4. Wanita yang pada Ramadhan ini sedang
hamil dan memilih tidak berpuasa karena kuatir pada dirinya atau pun pada
bayinya, lalu ternyata pada Ramadhan sebelumnya pernah tidak berpuasa karena
haid, maka sejatinya dia pernah mendapati momen wajib mengqadha puasa tanpa
halangan -selain haid, sakit, atau safar- terhitung setelah ‘Idul Fitri sampai
awal kehamilannya saat ini. Bahkan bila kehamilannya pada Ramadhan ini telah
memasuki bulan ke-9, bila dihitung mundur, maka akan didapati kehamilannya
dimulai pada bulan Muharram. Artinya, dia memiliki tempo tiga bulan untuk
mengqadha puasanya tanpa halangan -selain haid, sakit ataupun musafirah-, yaitu
pada bulan Syawwal, Dzul Qa‘dah dan Dzul Hijjah.

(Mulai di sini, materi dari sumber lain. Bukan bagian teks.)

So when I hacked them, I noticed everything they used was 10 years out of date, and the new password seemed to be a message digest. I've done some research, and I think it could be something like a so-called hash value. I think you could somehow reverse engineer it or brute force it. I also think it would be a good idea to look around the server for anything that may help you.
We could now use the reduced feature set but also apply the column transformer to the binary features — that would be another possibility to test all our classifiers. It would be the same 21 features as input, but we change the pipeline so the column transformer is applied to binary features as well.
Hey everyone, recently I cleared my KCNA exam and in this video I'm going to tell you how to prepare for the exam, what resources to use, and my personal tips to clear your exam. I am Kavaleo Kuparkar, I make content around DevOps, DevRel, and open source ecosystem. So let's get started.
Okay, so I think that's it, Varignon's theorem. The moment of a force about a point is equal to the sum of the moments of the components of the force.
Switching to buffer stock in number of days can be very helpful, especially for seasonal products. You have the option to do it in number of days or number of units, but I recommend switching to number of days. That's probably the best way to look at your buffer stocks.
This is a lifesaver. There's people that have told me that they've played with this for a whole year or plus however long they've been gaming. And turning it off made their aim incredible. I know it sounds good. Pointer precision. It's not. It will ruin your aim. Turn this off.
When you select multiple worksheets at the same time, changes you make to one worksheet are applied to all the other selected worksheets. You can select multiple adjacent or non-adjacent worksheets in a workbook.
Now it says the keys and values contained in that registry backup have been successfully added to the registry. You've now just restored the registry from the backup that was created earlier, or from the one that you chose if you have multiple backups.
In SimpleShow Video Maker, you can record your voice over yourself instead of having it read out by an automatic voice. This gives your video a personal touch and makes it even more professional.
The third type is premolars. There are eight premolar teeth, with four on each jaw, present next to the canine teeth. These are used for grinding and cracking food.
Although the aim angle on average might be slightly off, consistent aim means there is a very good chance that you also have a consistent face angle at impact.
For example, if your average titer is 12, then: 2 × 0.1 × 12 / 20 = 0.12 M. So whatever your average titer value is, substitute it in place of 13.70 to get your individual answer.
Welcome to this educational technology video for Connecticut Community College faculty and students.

5. Dan beragam kondisi lainnya.
Mereka yang disebutkan di atas bila tidak
ada halangan mengqadha puasa yang pernah ditinggalkan hingga akhirnya bertemu
dengan Ramadhan berikutnya, maka selain mengqadha, juga ada kewajiban membayar
“kafarat” (baca : Fidyah) sebanyak hari yang ditinggalkan karena faktor
mengulur-ulur waktu tersebut.
Berikut adalah riwayat dari beberapa sahabat terkait qadha puasa dan denda fidyah;
Abu Hurairah radhiyallâhu ‘anhu ;
عن أبي هريرة قال من أدركه رمضان وهو مريض ثم
صح فلم يقضه حتى أدركه رمضان آخر صام الذي أدرك ثم صام الاول وأطعم عن كل يوم نصف
صاع من قمح
“Dari Abu Hurairah, ia berkata ; siapa
yang sakit pada bulan Ramadhan, lalu sembuh dan tidak mengqadha puasa yang
ditinggalkan hingga bertemu dengan Ramadhan berikutnya, maka ia tetap
melaksakan puasa Ramadhan yang ada, kemudian dia harus mengqadha puasa yang
lewat ditambah dengan -fidyah- setengah shâ‘ gandung untuk setiap harinya”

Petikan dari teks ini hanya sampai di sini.